§ What is required
With the pictures excluded, retype the records that follow exactly.

[Stored dataset items]
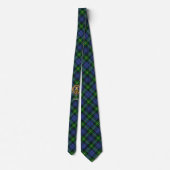 Cravate Clan Gordon Crest sur Tartan (Dos)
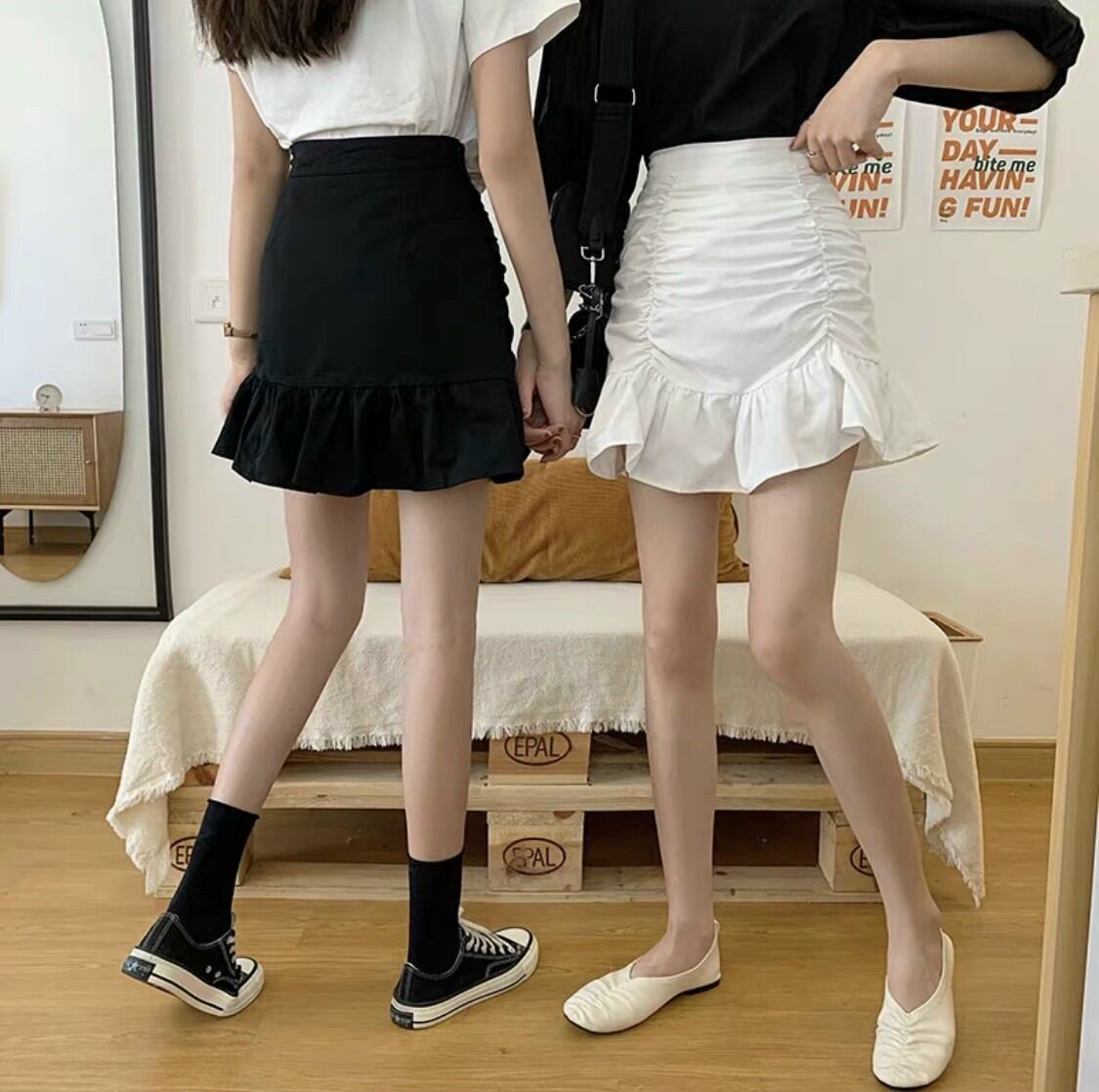 CHÂN VÁY NHÚNG ĐUÔI CÁ LẠ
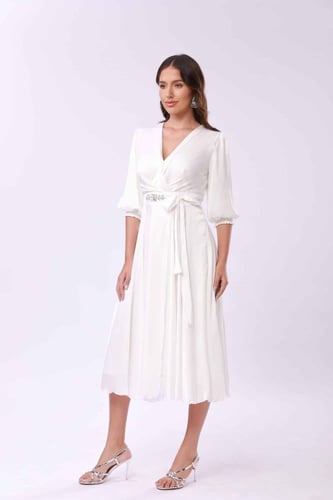 فستان ميد بكم وحزام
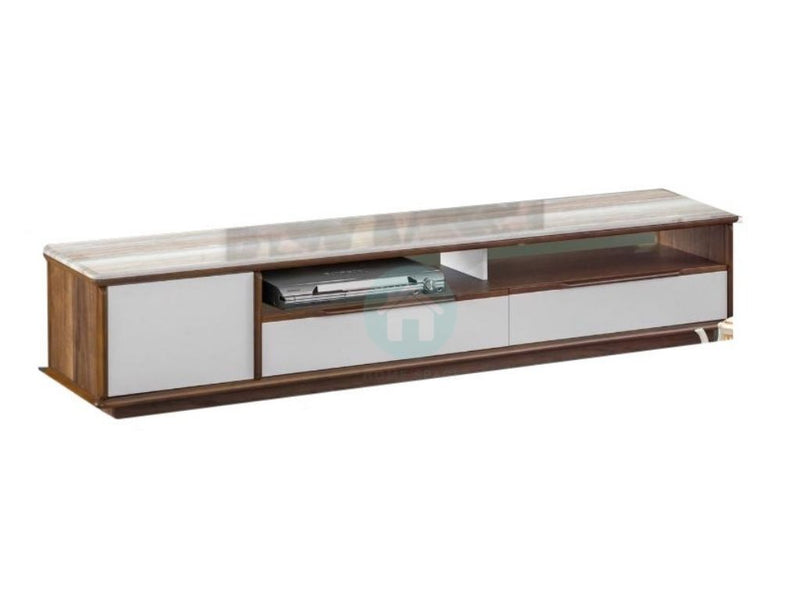 Shannon TV Console with Cultured Marble Top (DA6319)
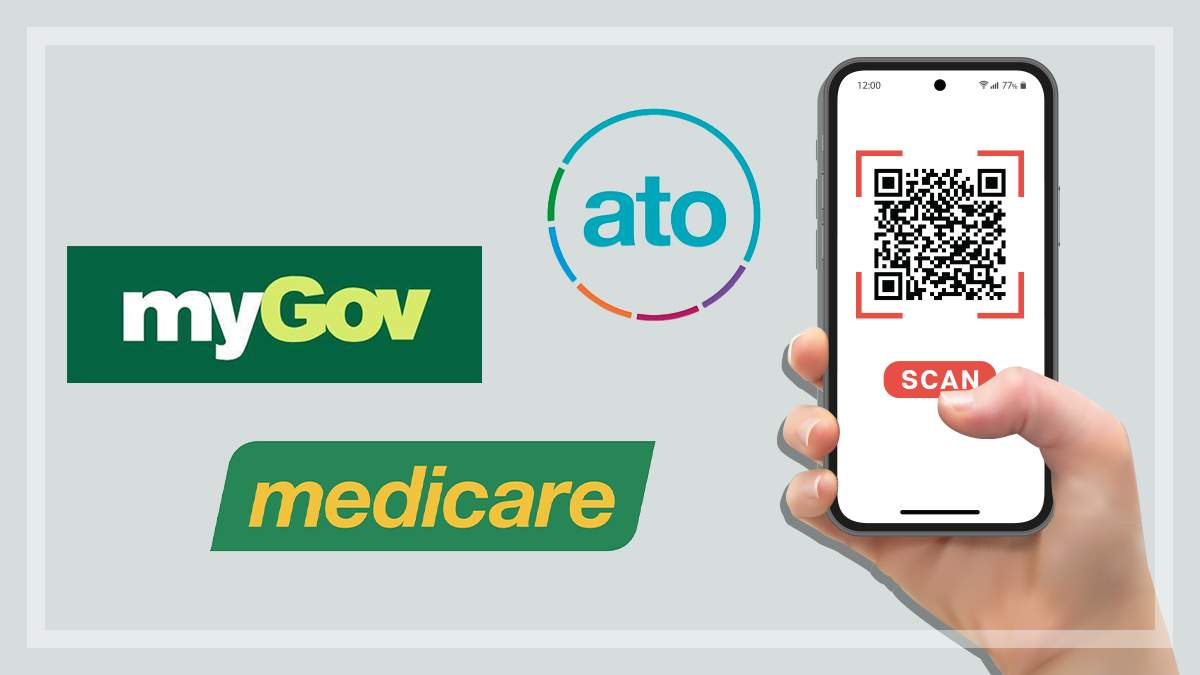 QR_code_on_phone_medicare_ATO_mygov_logos_on_grey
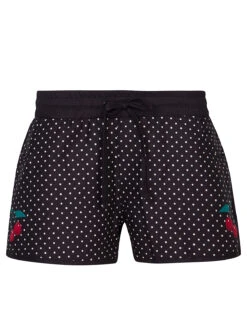 Pussy Deluxe Minimal Dots Damen Boardshorts Schwarz Allover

§ The answer
 Cravate Clan Gordon Crest sur Tartan (Dos)
 CHÂN VÁY NHÚNG ĐUÔI CÁ LẠ
 فستان ميد بكم وحزام
 Shannon TV Console with Cultured Marble Top (DA6319)
 QR_code_on_phone_medicare_ATO_mygov_logos_on_grey
 Pussy Deluxe Minimal Dots Damen Boardshorts Schwarz Allover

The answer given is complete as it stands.